En dehors, et au-dessus, le Romancero excepté, de toutes ces œuvres collectives et anonymes, il y a des hommes pour représenter les peuples. Ces hommes, nous venons de les énumérer. Ils donnent aux nations et aux siècles la face humaine. Ils sont dans l’art les incarnations de la Grèce, de l’Arabie, de la Judée, de Rome païenne, de l’Italie chrétienne, de l’Espagne, de la France, de l’Angleterre. Quant à l’Allemagne, matrice, comme l’Asie, de races, de peuplades et de nations, elle est représentée dans l’art par un homme sublime, égal, quoique dans une catégorie différente, à tous ceux que nous avons caractérisés plus haut. Cet homme est Beethoven. Beethoven, c’est l’âme allemande.
Quelle ombre que cette Allemagne ! C’est l’Inde de Occident. Tout y tient. Pas de formation plus colossale. Dans cette brume sacrée où se meut l’esprit allemand, Isidore de Séville met la théologie, Albert le Grand la scolastique, Hraban Maur la linguistique, Trithême l’astrologie, Ottnit la chevalerie, Reuchlin la vaste curiosité, Tutilo l’universalité, Stadianus la méthode, Luther l’examen, Albert Durer l’art, Leibnitz la science, Puffendorf le droit, Kant la philosophie, Fichte la métaphysique, Winckehnann l’archéologie, Herder l’esthétique, les Vossius, dont un, Gérard-Jean, était du Palatinat, l’érudition, Euler l’esprit d’intégration, Humboldt l’esprit de découverte, Niebuhr l’histoire, Gottfried de Strasbourg la fable, Hoffmann le rêve, Hegel le doute, Ancillon l’obéissance, Werner le fatalisme, Schiller l’enthousiasme, Gœthe l’indifférence, Arminius la liberté.
Kepler y met les astres.
Gérard Groot, le fondateur des Fratres communis vitae, y ébauche au quatorzième siècle la fraternité. Quel qu’ait été son engouement pour l’indifférence de Goethe, ne la croyez pas impersonnelle, cette Allemagne ; elle est nation et l’une des plus magnanimes, car c’est pour elle que Ruckert, le poëte militaire, forge les Sonnets Cuirassés, et elle frémit quand Kœrner lui jette le Cri de l’Épée. Elle est la Patrie allemande, la grande terre aimée, Teutonia mater. Galgacus a été pour les Germains ce que Caractacus a été pour les Bretons.

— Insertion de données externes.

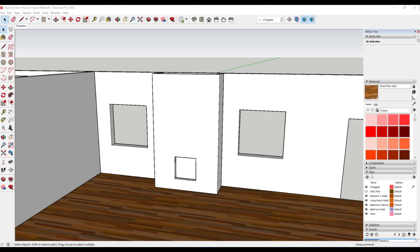I absolutely love SketchUp for its versatility with materials. You can quickly add a finished material in seconds and be on your way, whereas other programs it takes a bit more work. Here I'm going to add stone to this fireplace. First, I will look for a material using a Google search.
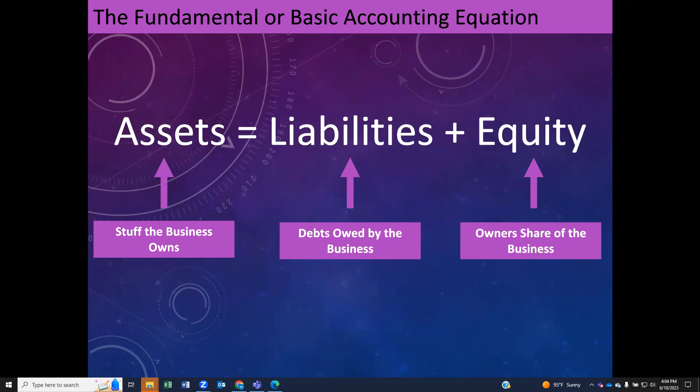Assets are stuff that the business owns. It could be things like cash, or it could be things like vehicles or buildings. Those are all assets. Liabilities are debts that the business owes. And then equity is the owner's share of the business. What we want to understand is that everything the business owns was either paid for through debt or borrowing, or through equity — what the owners put into the business or what the business itself earned.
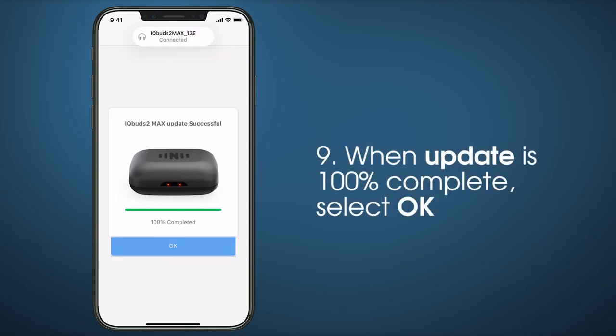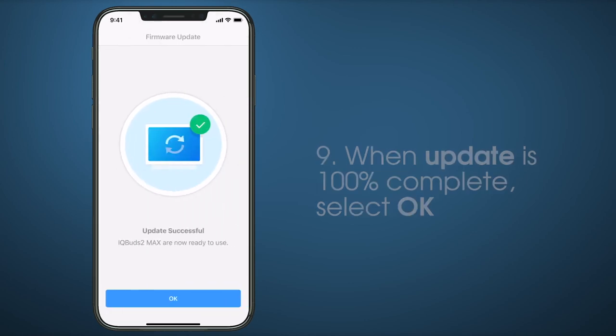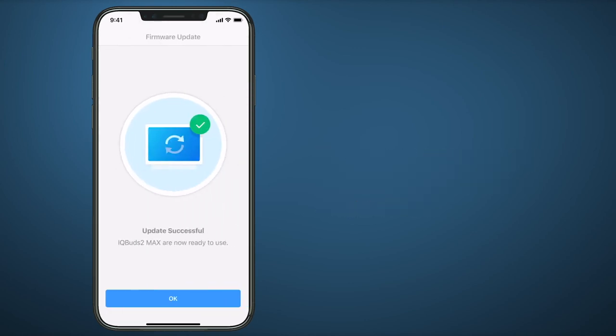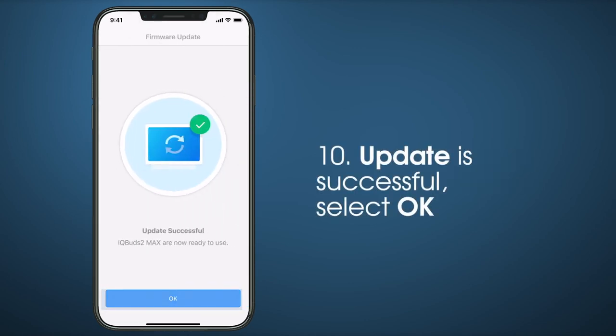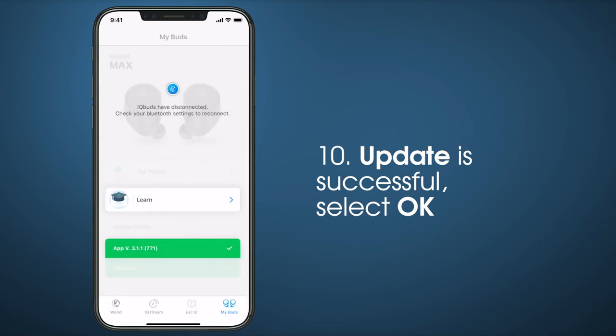Once the update is 100% complete, select OK. You'll receive a confirmation that the update was successful. Select OK.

L’Allemagne a tout en elle et tout chez elle. Elle partage Charlemagne avec la France et Shakespeare avec l’Angleterre. Car l’élément saxon est mêlé à l’élément britannique. Elle a un Olympe, le Walhalla. Il lui faut une écriture à elle ; Ulfilas, évêque de Mésie, la lui fabrique ; et la calligraphie gothique fera désormais pendant à la calligraphie arabe. La majuscule d’un missel lutte de fantaisie avec une signature de calife. Comme la Chine, l’Allemagne a inventé l’imprimerie. Ses Burgraves, la remarque a déjà été faite [2], sont pour nous ce que les Titans sont pour Eschyle. Au temple de Tanfana, détruit par Germanicus, elle fait succéder la cathédrale de Cologne. Elle est l’aïeule de notre histoire et la grand’mère de nos légendes. De toutes parts, du Rhin et du Danube, de la Rauhe Alp, de l’ancienne Sylva Gabresa, de la Lorraine mosellane et de la Lorraine ripuaire, par le Wigalois et par le Wigamur, par Henri l’Oiseleur, par Samo, roi des Vendes, par le chroniqueur de Thuringe, Rothe, par le chroniqueur d’Alsace, Twinger, par le chroniqueur de Limbourg, Gansbein, par tous ces vieux chanteurs populaires, Jean Folz, Jean Viol, Muscatblüt, par les minnesänger, ces rhapsodes, le conte, cette forme du songe, lui arrive, et entre dans son génie. En même temps, les idiomes découlent d’elle. De ses fissures ruissellent, au nord, le danois et le suédois, à l’ouest, le hollandais et le flamand ; l’allemand passe la Manche et devient L’anglais. Dans l’ordre des faits intellectuels, le génie germanique a d’autres frontières que l’Allemagne. Tel peuple résiste à l’Allemagne qui cède au germanisme. L’esprit allemand s’assimile les grecs par Muller, les serbes par Gerhard, les russes par Goëtre, les magyares par Mailath. Quand Kepler dressait, en présence de Rodolphe II, les Tables Rudolphines, c’était avec l’aide de Tycho-Brahé. Les affinités de l’Allemagne vont loin. Sans que les autonomies locales et nationales s’en altèrent, c’est au grand centre germanique que se rattachent l’esprit Scandinave dans Œhlenschlasger, et l’esprit batave dans Vondel. La Pologne s’y rallie avec toutes ses gloires, depuis Kopernic jusqu’à Kosciuzko, depuis Sobieski jusqu’à Mickiewicz. L’Allemagne est le puits des peuples. Ils en sortent comme des fleuves, et elle les reçoit comme une mer.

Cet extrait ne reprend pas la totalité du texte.